A tree bumblebee was spotted and photographed earlier this month by countryside ranger Jen Edwards in her back garden in East Linton. She also heard of a second sighting close to Traprain Law, near Haddington.

"We are tremendously excited by these appearances and are sure more sightings will shortly be confirmed," she told the Sunday Herald. The council has introduced grazing animals at sites across East Lothian in an attempt to reduce gorse, encourage wild flowers and boost wildlife.

Conservationists are encouraging people to look out for tree bumblebees to help map their progress. The bees have a black head, a fuzzy ginger-brown thorax, a black abdomen and a white tail, and often nest in bird boxes.

Stuart Roberts, chairman of the UK Bees, Wasps and Ants Recording Society, runs the tree bumblebee mapping project. "It is thrilling to note that the tree bumblebee appears to be consolidating its presence in Scotland after its arrival in 2013," he said. "The tree bumblebee will be a welcome newcomer in the raspberry growing areas in the Carse of Gowrie, as it is a major visitor to raspberry flowers and a first-class pollinator."

One of the reasons tree bumblebees are successfully expanding is that they are thought to be more resistant to parasite infections than other species. A study by the University of London suggests they could reproduce while infected, unlike other bees.

Since they arrived in England, tree bumblebees have spread over 4500 square miles a year - about half the size of Wales.
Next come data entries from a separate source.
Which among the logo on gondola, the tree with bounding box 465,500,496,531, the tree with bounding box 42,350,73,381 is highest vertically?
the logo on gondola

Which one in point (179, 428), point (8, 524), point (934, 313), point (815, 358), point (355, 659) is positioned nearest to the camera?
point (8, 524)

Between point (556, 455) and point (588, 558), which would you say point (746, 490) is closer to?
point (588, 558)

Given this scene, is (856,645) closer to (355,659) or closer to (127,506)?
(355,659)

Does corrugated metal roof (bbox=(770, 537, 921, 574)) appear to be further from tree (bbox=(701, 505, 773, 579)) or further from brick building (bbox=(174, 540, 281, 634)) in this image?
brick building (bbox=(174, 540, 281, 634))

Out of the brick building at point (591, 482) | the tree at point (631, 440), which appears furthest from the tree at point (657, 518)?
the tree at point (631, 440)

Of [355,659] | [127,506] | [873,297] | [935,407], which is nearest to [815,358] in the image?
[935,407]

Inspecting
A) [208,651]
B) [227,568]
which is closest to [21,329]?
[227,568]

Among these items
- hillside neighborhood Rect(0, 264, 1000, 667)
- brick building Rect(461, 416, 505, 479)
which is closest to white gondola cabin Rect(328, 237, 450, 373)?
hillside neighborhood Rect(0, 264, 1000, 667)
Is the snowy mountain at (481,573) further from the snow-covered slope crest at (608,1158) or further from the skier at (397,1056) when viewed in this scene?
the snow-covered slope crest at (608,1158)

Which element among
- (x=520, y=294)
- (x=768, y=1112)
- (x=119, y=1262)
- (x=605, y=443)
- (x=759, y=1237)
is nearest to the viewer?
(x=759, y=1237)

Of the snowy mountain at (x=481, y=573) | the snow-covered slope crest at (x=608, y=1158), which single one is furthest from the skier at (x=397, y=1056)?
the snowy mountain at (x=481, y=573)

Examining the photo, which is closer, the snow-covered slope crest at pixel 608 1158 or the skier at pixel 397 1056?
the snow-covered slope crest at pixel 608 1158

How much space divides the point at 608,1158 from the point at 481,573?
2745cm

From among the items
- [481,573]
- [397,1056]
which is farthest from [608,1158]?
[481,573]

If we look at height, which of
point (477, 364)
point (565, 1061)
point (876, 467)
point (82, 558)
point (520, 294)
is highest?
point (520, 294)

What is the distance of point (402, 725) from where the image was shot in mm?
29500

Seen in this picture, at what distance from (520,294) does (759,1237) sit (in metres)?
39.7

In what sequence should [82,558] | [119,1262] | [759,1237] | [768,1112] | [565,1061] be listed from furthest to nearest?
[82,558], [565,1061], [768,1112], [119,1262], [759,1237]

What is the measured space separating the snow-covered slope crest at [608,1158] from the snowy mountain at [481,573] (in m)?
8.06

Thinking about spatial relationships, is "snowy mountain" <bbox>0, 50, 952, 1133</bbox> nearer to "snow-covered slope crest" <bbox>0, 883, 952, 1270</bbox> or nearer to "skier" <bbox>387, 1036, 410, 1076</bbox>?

There are some concerns, though, that they might displace other bees.

"We still don't know whether there could be any negative impacts if the bumblebees compete for food or nesting sites," said Professor Mark Brown, from the School of Biological Sciences at Royal Holloway, part of the University of London. "Further research should focus on how our native bees are affected."

But Dr Richard Comont, data monitoring officer from the Bumblebee Conservation Trust, stressed there was no evidence so far that the tree bumblebee was having a detrimental impact on native species. "It's really nice to have a species arrive here on its own, rather than being transported by humans, and to have a bumblebee doing well and spreading out, rather than declining," he said.